Hacker News new | past | comments | ask | show | jobs | submit login
ZeroDB white paper: An end-to-end encrypted database (arxiv.org)
171 points by mwilkison on Feb 24, 2016 | hide | past | favorite | 38 comments

Interesting concept. I disagree with this statement from the "Data confidentiality" section:

> Unlike CipherBase [6], our approach doesn’t leak information about the order of the elements. By observing access patterns, the server can only figure out which buckets are leaf nodes and which are branch nodes, but not whether the child node is located to the left or right of the parent node.

The paper correctly notes that when a client does a range query, it leaks information about the total number of blocks returned. However, if I've understood correctly, it also leaks the identities of those blocks. The closer two tree nodes are in order, the more likely they are to be touched by the same request. A passive adversary could use this to extract information about the relative ordering of encrypted nodes.

Also, active adversaries cause much worse problems. Let's say I have the ability to cause someone to do queries on the encrypted database, without observing the results. By simply doing separate index lookups on two different fields, I can extract a lot of information by looking at which nodes were touched by both queries.

Finally, I noticed that the paper doesn't describe how the B-trees are modified. If the client is the only party that knows how to decrypt nodes, then it's responsible for splitting and merging nodes to keep the tree balanced. Doesn't this require some kind of distributed coordination, so that multiple clients don't trample on each other's changes?
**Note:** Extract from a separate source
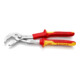 KNIPEX 87 26 250 Cobra® VDE High-tech waterpomptang, geïsoleerd verchroomd VDE 250 mm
Another thing from that same section that worried me was their discussion of inference attacks on first and last names. Their results assume names will be queried based on a particular distribution instead of an arbitrary (maybe even adversarially-chosen) one. This is a very, very weak model of security that categorically eliminates realistic attacks.

The thing is that anybody who is able to initiate queries has access to that data. No need to do inference attacks over there :-) So, an adversary cannot query data based on particular distribution b/c it cannot initiate meaningful queries.

If an active server-side adversary can trick the client into doing certain queries is another question though.

You're not understanding my problem. You modeled security against a certain attack by picking one particular distribution of queries and saying "we resist this attack this much with this query distribution". An attacker doesn't need to choose the query distribution for your result to not apply, it just needs to be any other possible distribution than the one you chose.

You are right about the identifiers. And that is exactly what makes us concerned about access patterns attacks.

They are not as dangerous when queries are rare. But we do explore possibilities to mitigate this attack vector completely using oblivious RAMs which become more and more performance.

You are also right about clients updating the b-trees. Currently we use object-level locks to keep data consistent. We may add storing deltas for buckets to keep them on the server when a conflict appears plus use additively homomorphic encryption for counters (BTree.Length object).

Also you cannot do queries on the encrypted db without being able to observe the results. E.g. if you are able to initiate a query on a fraction of the data, you already have access to that fraction of the data. And you cannot initiate a meaningful query if you are a server-side observer.

Of course, active adversaries could give wrong results (wrong pieces of the index) back, we didn't quite consider yet which problems that could cause.

> And you cannot initiate a meaningful query if you are a server-side observer.

But that's only true if you consider the database in isolation. It's a very bad assumption to make when using it as a component of a larger system!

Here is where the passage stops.